The output quality is determined by your review process, not just the prompt.

When AI-generated Playwright tests are a good fit

They are useful when you need to:

  • bootstrap a new automation project
  • draft a test from a user story quickly
  • convert a manual scenario into code
  • explore a UI flow before refactoring into a framework
  • teach newer engineers how a flow maps to executable steps

They are less useful when you need to:

  • maintain a large cross-functional suite without strong coding ownership
  • allow non-developers to author tests directly
  • minimize framework and CI maintenance
  • standardize test authoring across QA, product, and design teams

That last point is where I think many teams underestimate the cost of code-first automation. Playwright is excellent, but it is still a library. You own the runner, the CI integration, the browser setup, the reporting, and the maintenance surface.

Why a platform like Endtest can be simpler

If your team wants the benefits of AI-assisted test creation without managing generated code, Endtest’s AI Test Creation Agent is worth looking at. The key difference is structural, the agent turns a plain-English scenario into a working Endtest test inside the platform, with steps, assertions, and stable locators already editable in the test editor.

That matters because it changes the maintenance model. Instead of starting with raw Playwright source and then translating it into a sustainable framework pattern, you get a platform-native test that is already organized as editable steps. For teams that want shared authoring across testers, developers, PMs, and designers, that can be a much lower-friction path.

I would summarize the tradeoff like this:

  • Playwright plus AI generation is great if you want code-level control and already have engineering ownership for the suite.
  • Endtest with an agentic AI workflow is simpler if you want the AI output to arrive as editable test steps in a managed platform, with less framework overhead.
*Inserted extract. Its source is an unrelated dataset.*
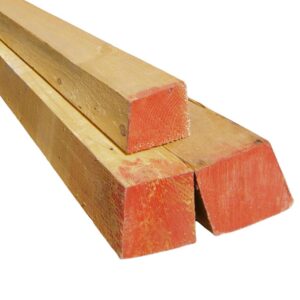 Romanian Whitewood 3 X 3 X 4 , Per Pcs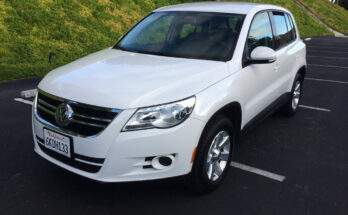 2009 Volkswagen Tiguan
If you want a broader comparison, Endtest also publishes a direct Endtest vs Playwright comparison that explains the framework ownership tradeoff in more detail.
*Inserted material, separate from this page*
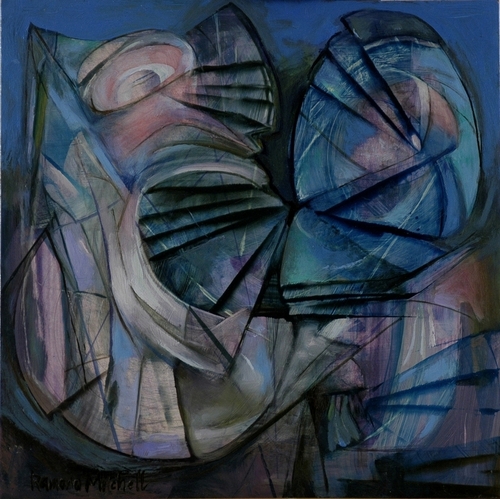 Painting-Oil-Grail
My practical decision rule

When I evaluate an AI-generated Playwright tests example, I ask three questions:

  1. Will this test still be understandable six months from now?
  2. Can my team keep it stable without heroic debugging?
  3. Are we choosing code because we need code, or because it is what the AI happened to produce?

If the answer to the third question is “we are choosing it because the model gave it to us”, I slow down. AI output is a starting point. It is not the architecture.

Final takeaway

AI-generated Playwright tests are genuinely useful, but only if you treat them as a draft that needs engineering hardening. The biggest improvements usually come from boring fundamentals, stable locators, explicit assertions, isolated test data, and CI-friendly structure. Those are the things that make a generated test production-ready.

If your team wants raw code and has the discipline to maintain it, Playwright plus AI can work very well. If you want a simpler, more collaborative path where the AI output is already structured as editable test steps inside a platform, Endtest is often the easier option.

Either way, the rule is the same, do not measure the success of AI by how quickly it writes the first test. Measure it by how much reliable testing it helps you ship and keep alive.